Extracted entries =
▬▬▬▬▬▬

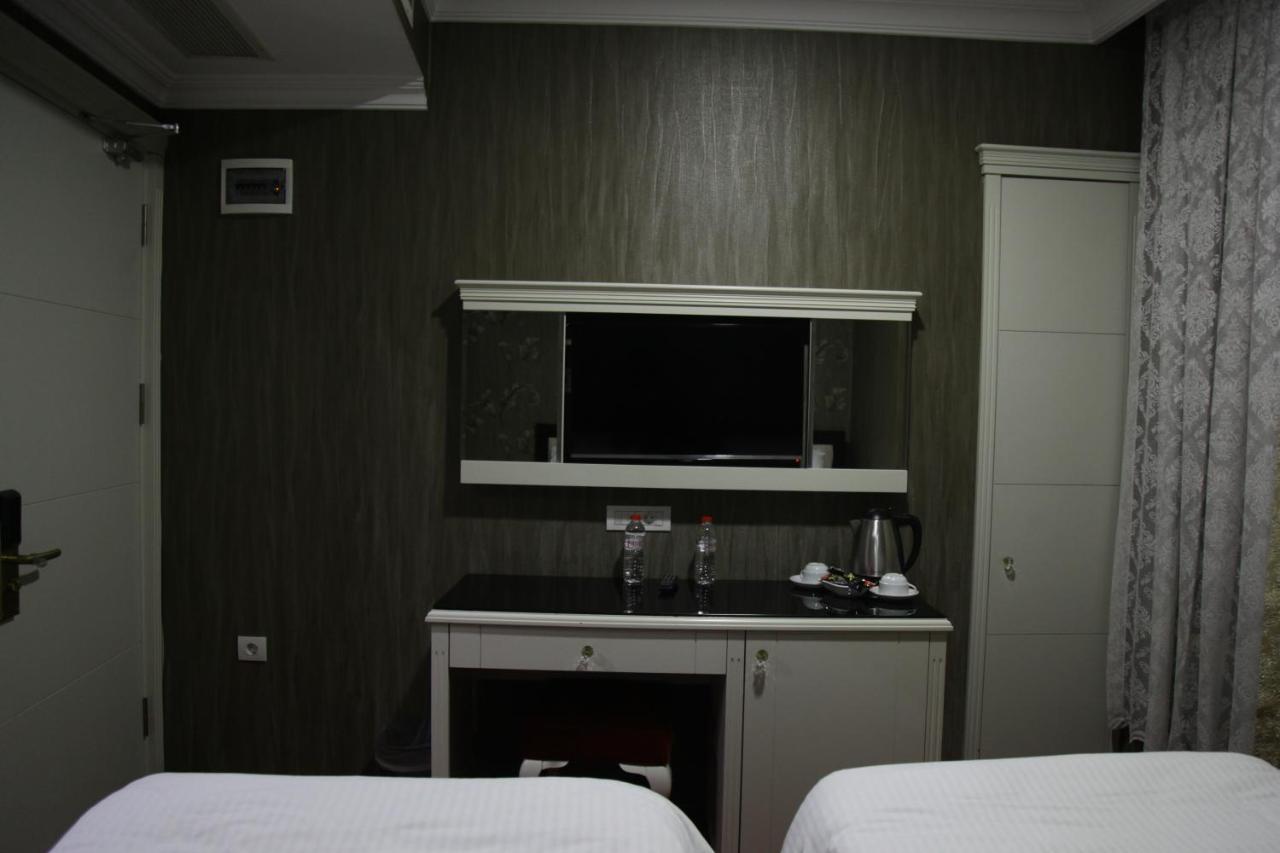 Ens Hotel Istanbul Bagian luar foto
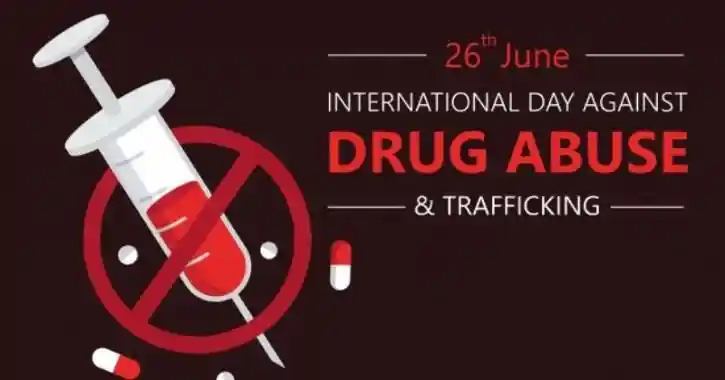 International Day Against Drug Abuse and Illicit Trafficking 2021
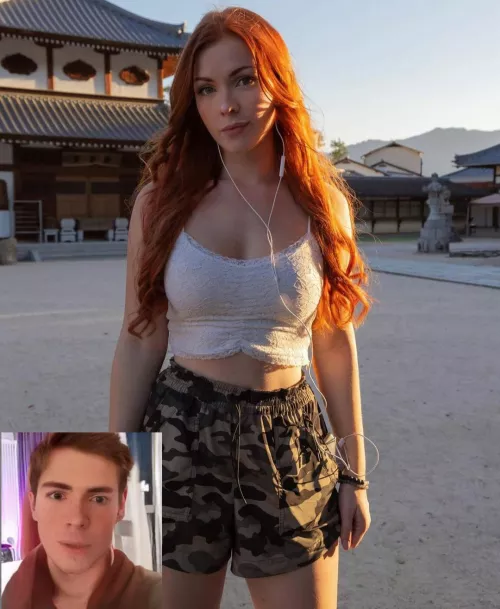 35 currently in Japan. Former male athlete, and came on touch with my femme side later on in life.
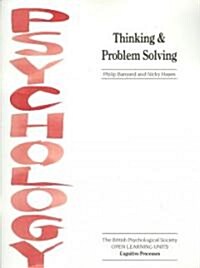 Thinking and Problem Solving (Paperback)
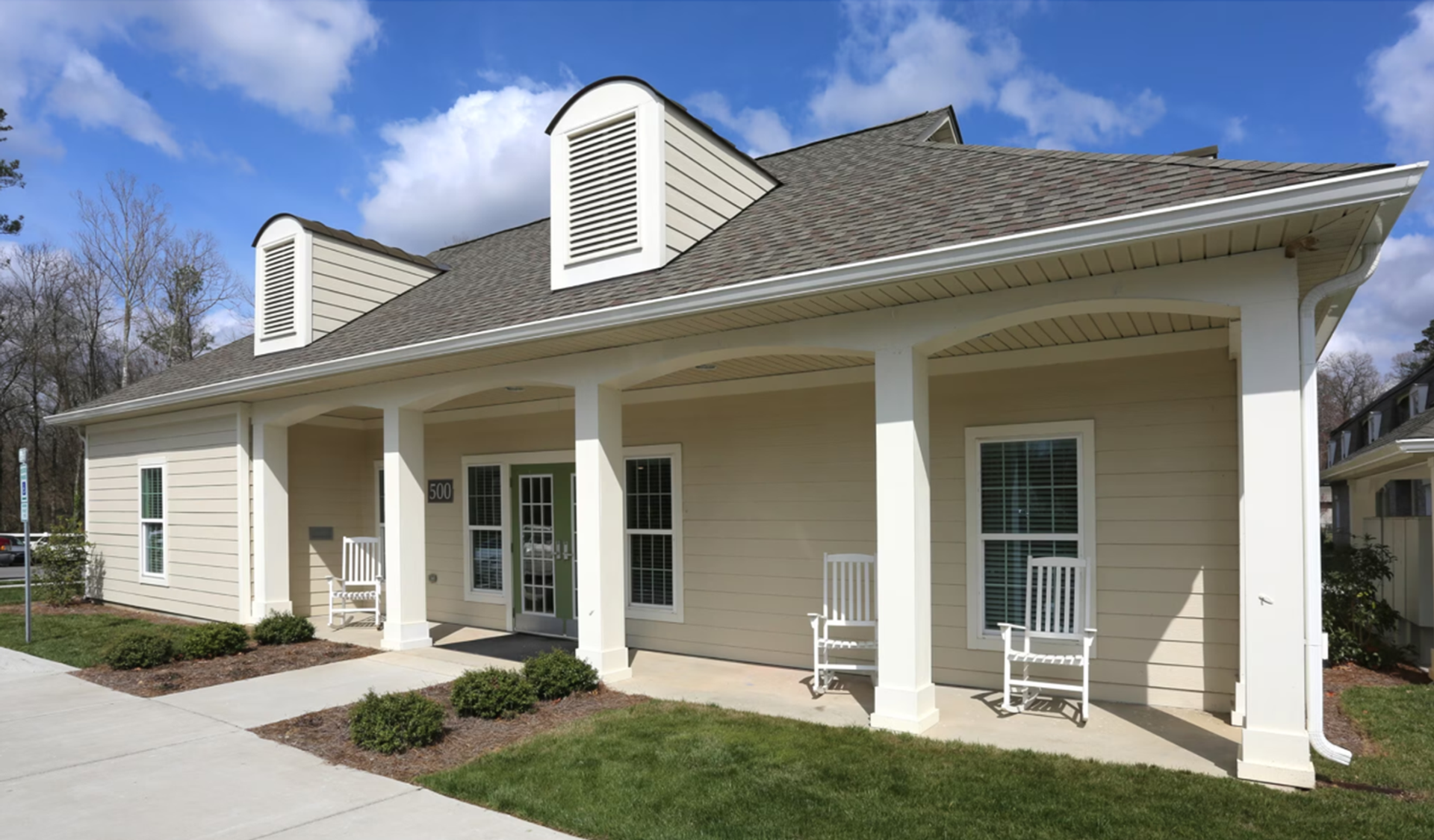 Jamestown Apartment: 500 West Main Street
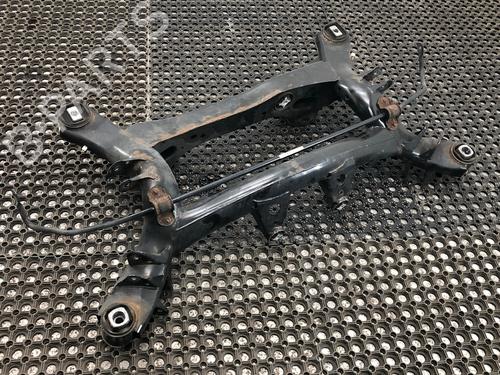 Used Rear axle BMW 1 (F20) 116 d (116 hp) 29034845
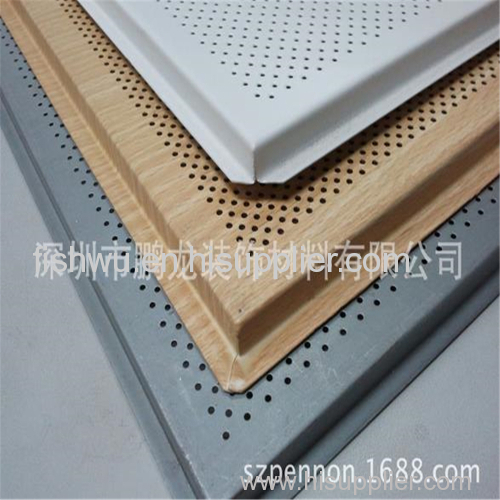 decorative ceiling tiles lay-in aluminum ceiling tiles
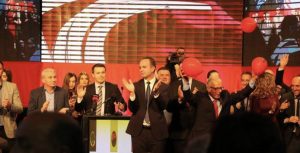 Zgjedhjet në Tuz, numërohen kutitë e para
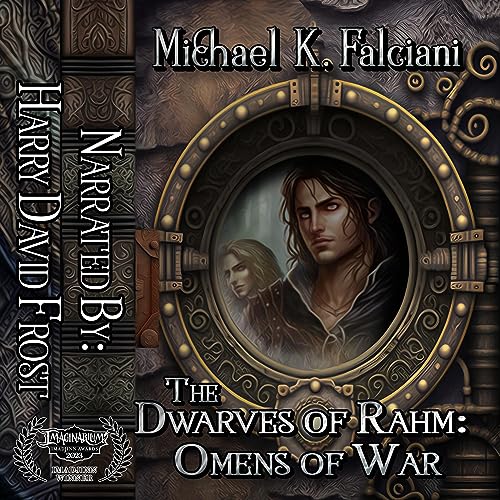 Cover of The Dwarves of Rahm: Omens of War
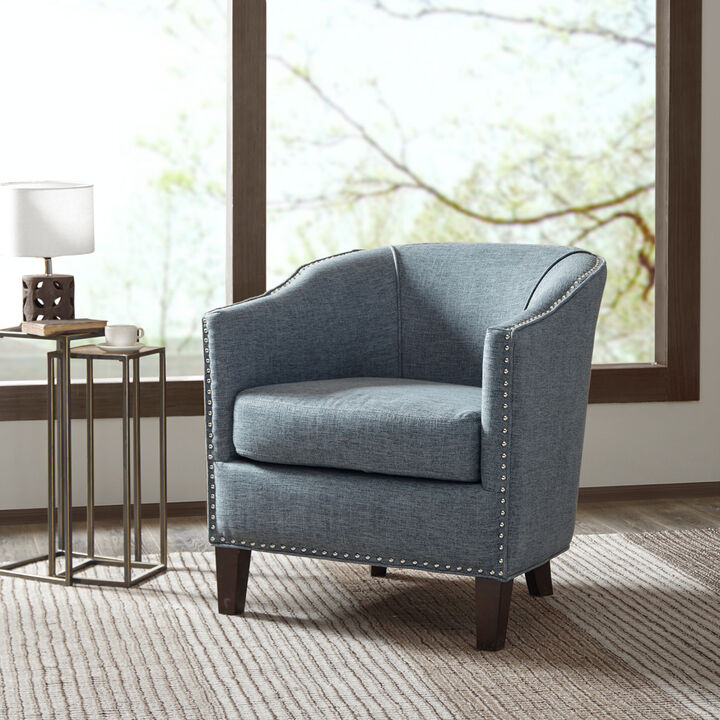 Fremont Barrel Armchair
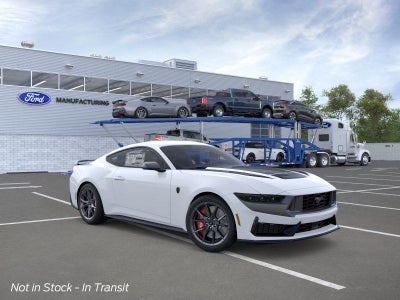 2026 Ford Mustang Dark Horse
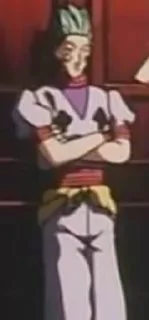 Sticker from Hunter x Hunter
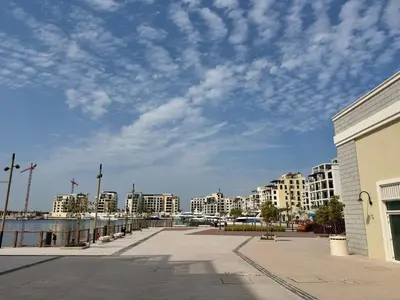Gallery image of Elegant & Modern 1 Bed at La Mer LA Sirene in Dubai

▬▬▬▬▬▬

Brief = Write the records out again exactly; none of the pictures belong in the copy.

Finished exercise =
 Ens Hotel Istanbul Bagian luar foto
 International Day Against Drug Abuse and Illicit Trafficking 2021
 35 currently in Japan. Former male athlete, and came on touch with my femme side later on in life.
 Thinking and Problem Solving (Paperback)
 Jamestown Apartment: 500 West Main Street
 Used Rear axle BMW 1 (F20) 116 d (116 hp) 29034845
 decorative ceiling tiles lay-in aluminum ceiling tiles
 Zgjedhjet në Tuz, numërohen kutitë e para
 Cover of The Dwarves of Rahm: Omens of War
 Fremont Barrel Armchair
 2026 Ford Mustang Dark Horse
 Sticker from Hunter x Hunter
Gallery image of Elegant & Modern 1 Bed at La Mer LA Sirene in Dubai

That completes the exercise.